Durante o 68º Conad, realizado de 11 a 13 de julho em Manaus (AM), cerca de 300 docentes realizaram uma manifestação na Universidade Federal do Amazonas (Ufam) contra a aprovação do “PL da Devastação”.

No protesto, ocorrido no domingo, dia nacional de luta contra o projeto, Annie Schmaltz Hsiou, 3ª vice-presidenta do Andes-SN e diretora regional da Adusp em Ribeirão Preto, ressaltou que o Congresso Nacional tem se comportado como inimigo do povo brasileiro e lembrou que o PL também impede que os bancos sejam punidos por crimes e danos ambientais cometidos por empreendimentos que financiem.
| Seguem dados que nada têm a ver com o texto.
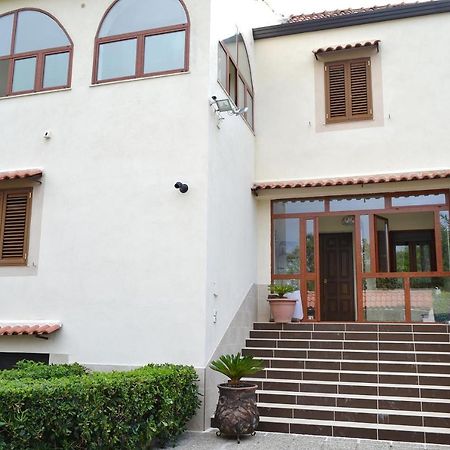 Bed and Breakfast Colazione Da Lolly Neapel Exterior foto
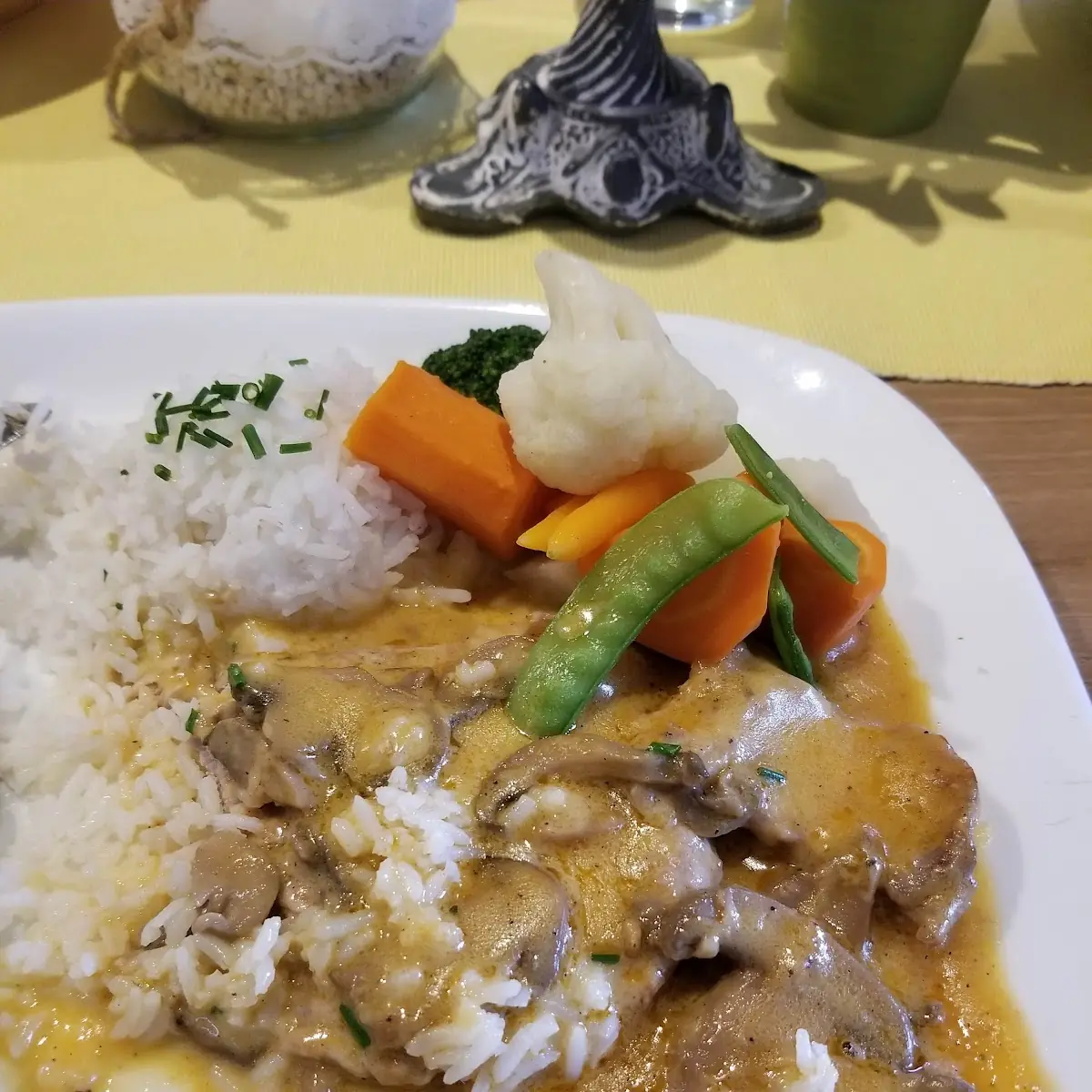 Essen und Trinken photo 9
SBPC chama projeto de “afronta à ciência produzida pelos cientistas do Brasil e do mundo”

Em nota divulgada nesta quinta-feira, nove entidades acadêmicas e científicas “manifestam profunda preocupação e posicionam-se contrariamente a essa decisão do Parlamento, por entenderem que ela trará consequências gravíssimas para o meio ambiente e para os compromissos assumidos pelo país em relação à sustentabilidade”.

“Às vésperas da realização da COP 30, prevista para ocorrer na cidade de Belém, o Brasil envia ao mundo um péssimo sinal ao aprovar o que vem sendo justamente denominado como ‘PL da devastação’. A medida vai na contramão do que estabelece o conhecimento científico e contradiz a postura que o país historicamente defende nos fóruns internacionais sobre mudanças climáticas e preservação ambiental”, dizem as entidades, que “solicitam ao Presidente da República que vete, integralmente, o referido projeto de lei, em respeito à ciência, à democracia ambiental e ao futuro sustentável do Brasil”.
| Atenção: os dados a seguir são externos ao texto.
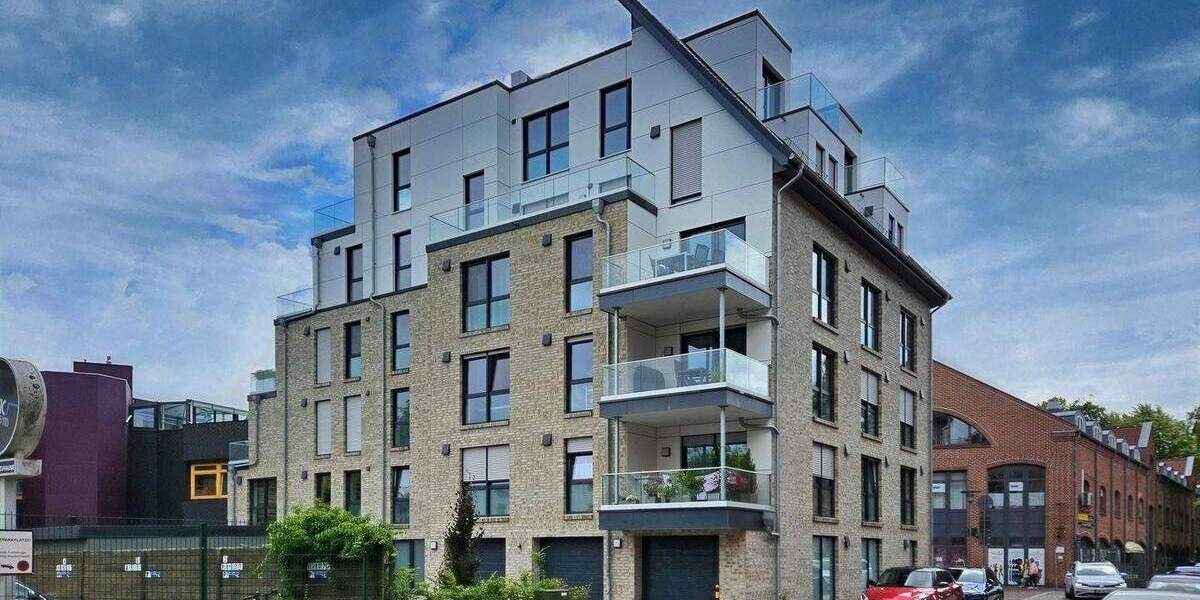 Etagenwohnung Cuxhaven - 3 Zimmer, 95 m&sup2;, 525.000&euro; | Angebot:25664940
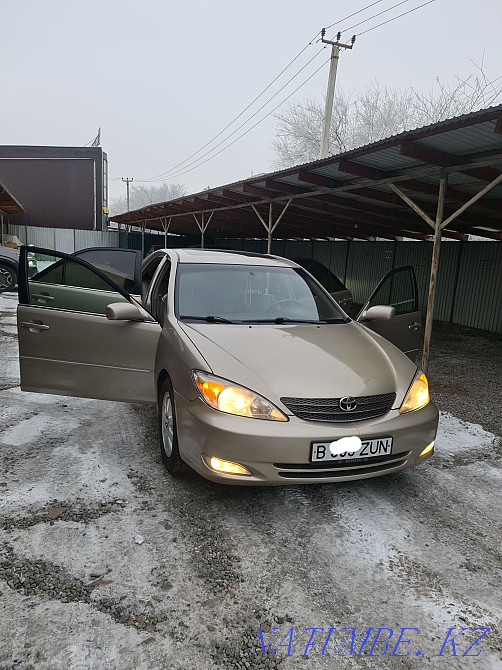 Toyota Camry    года Талдыкорган - изображение 1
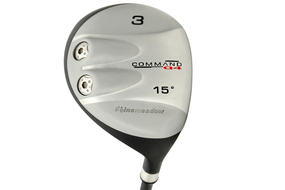 Command Q4 Fairway Woods
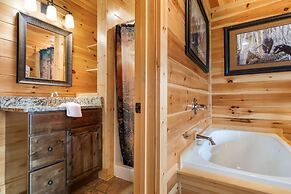 All About The View by Jackson Mountain Homes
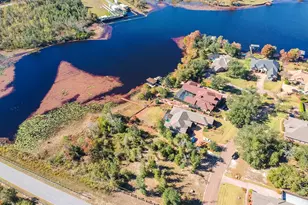 4408 Bayou Oaks Dr, Panama City, FL 32404 - Photo 1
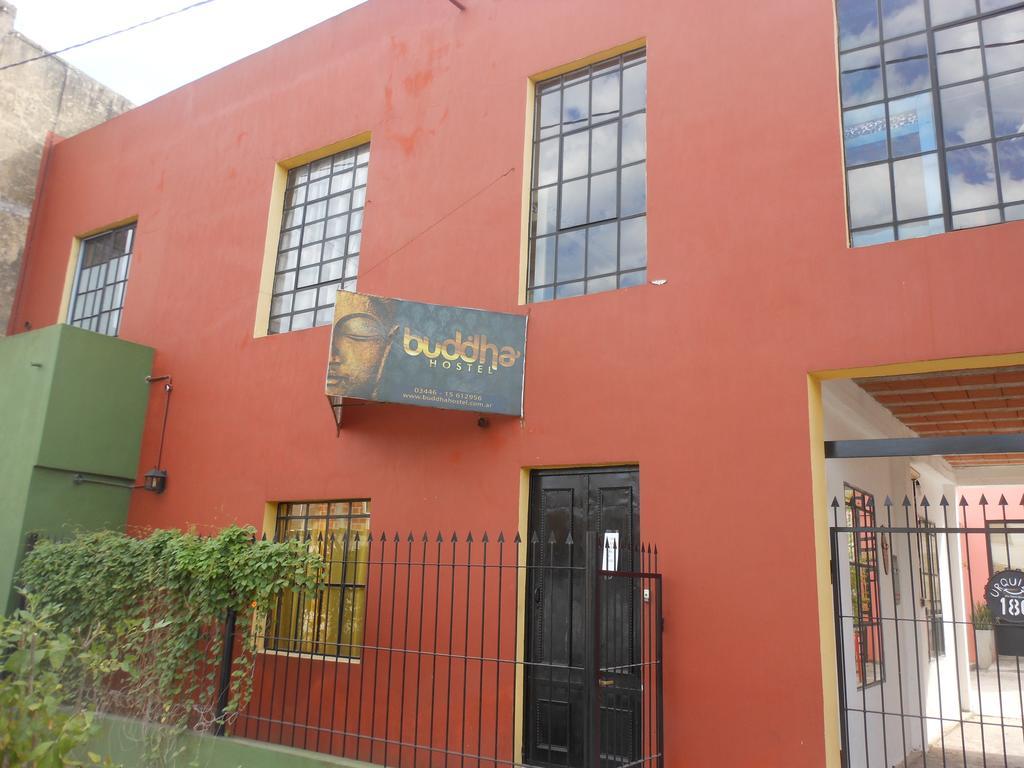 Gualeguaychú Hostel Buddha المظهر الخارجي الصورة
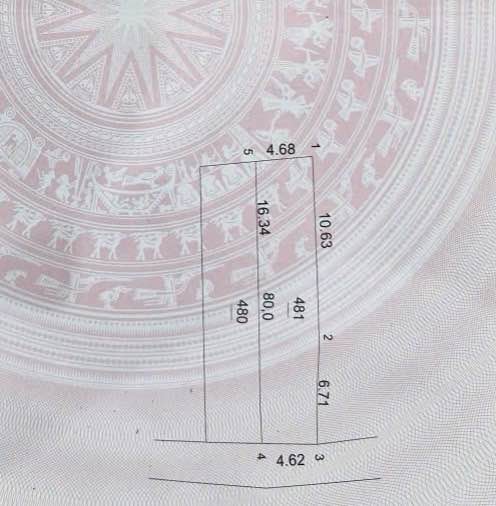 Đất nền Quất Động, Thường Tín 80m² giá 3 tỷ - Vị trí đẹp, giao thông thuận tiện!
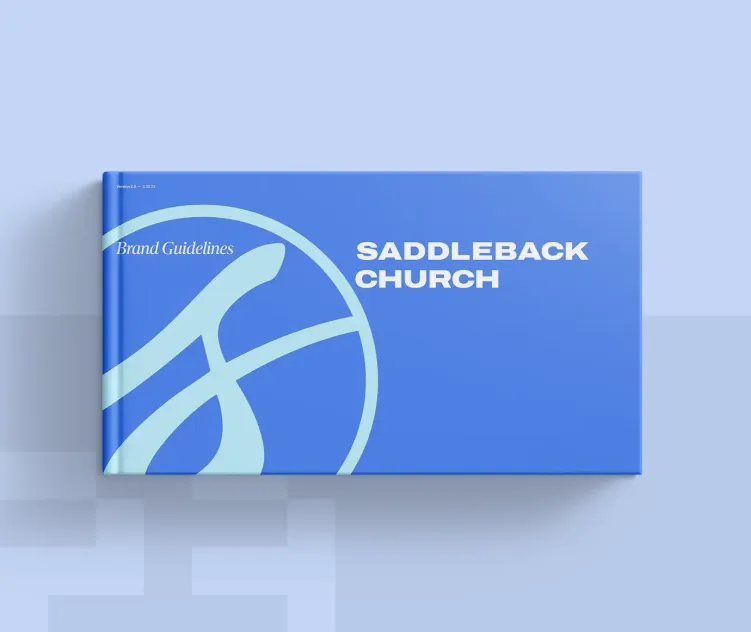 Saddleback Church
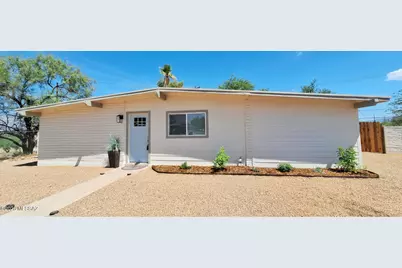 7219 E Flamenco Drive, Tucson, AZ 85710 - Photo 1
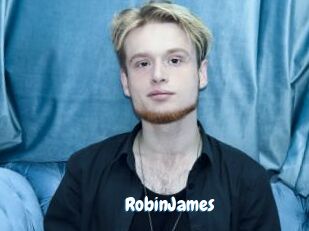 RobinJames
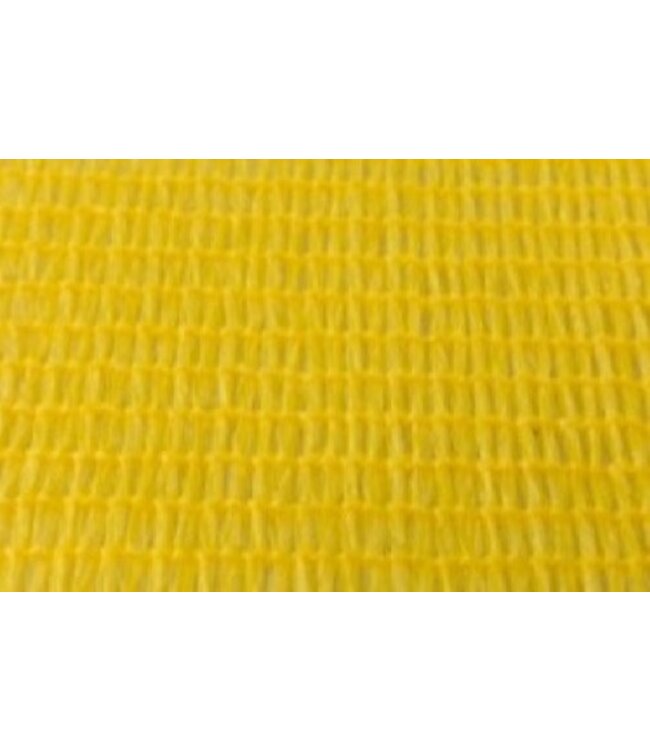 Maatwerk schaduwdoek gelijkzijdige driehoek rechte zijden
A nota é assinada, entre outras entidades, pela Academia Brasileira de Ciências (ABC), Associação Nacional dos Dirigentes das Instituições Federais de Ensino Superior (Andifes) e Sociedade Brasileira para o Progresso da Ciência (SBPC).

A SBPC já havia divulgado manifesto no último dia 14 de julho, às vésperas da votação, no qual classifica o PL como “uma ameaça à Constituição Federal e aos direitos dos brasileiros” e também como “uma afronta à ciência produzida pelos cientistas do Brasil e do mundo”.

O Alto Comissariado da Organização das Nações Unidas (ONU) para Direitos Humanos também criticou a aprovação do “PL da Devastação”, registra o jornalista Jamil Chade no UOL. “Nosso escritório compartilha as profundas preocupações com a aprovação dessa legislação, que representa um grande retrocesso para o meio ambiente e os direitos humanos no Brasil”, afirmou o chefe do escritório de Direitos Humanos da ONU na América do Sul, Jan Jarab.

GTPAS da Adusp apontou alguns dos principais problemas do PL

Em junho, depois da aprovação do projeto no Senado, o Grupo de Trabalho de Políticas Agrárias e Socioambientais da Adusp (GTPAS) havia divulgado nota apontando algumas das consequências mais preocupantes das novas regras. Entre outros itens, o projeto “cria a Lei Geral do Licenciamento Ambiental (LGLA), que afrouxa consideravelmente grande parte das conquistas em termos de legislação e controle ambiental obtidas nos últimos anos”.

Um dos principais retrocessos é “a dispensa de licenciamento para atividades que não ‘ofereçam riscos ambientais’, sendo que boa parte dessas avaliações agora passariam a ser autodeclaratórias”. “Bastaria a mineradora ou a agropecuária, por exemplo, dizerem que suas atividades não oferecem risco, por meio de um formulário, que o empreendimento poderia ser executado”, assinalou o GTPAS.

Outro problema é a criação de uma Licença Especial para empreendimentos considerados estratégicos para o governo. “Assim, projetos de alto impacto ambiental, como por exemplo exploração de petróleo na Foz do Amazonas, poderiam ser aprovados em um rito sumário. Terras Indígenas e Territórios Quilombolas e demais áreas protegidas passam a estar ameaçadas diretamente por esses afrouxamentos legais, por causa da dispensa de licenciamento em áreas ainda não regularizadas e para inúmeras atividades e empreendimentos previstos no PL”, diz a nota.

“Os órgãos de fiscalização ambiental são esvaziados e enfraquecidos pelas disposições do Projeto que propõe uma descentralização radical, atribuindo aos estados e municípios a prerrogativa de criarem suas próprias listas de restrições e permissões, segundo as conveniências das políticas (e dos políticos) regionais e locais”, ressaltou o GTPAS.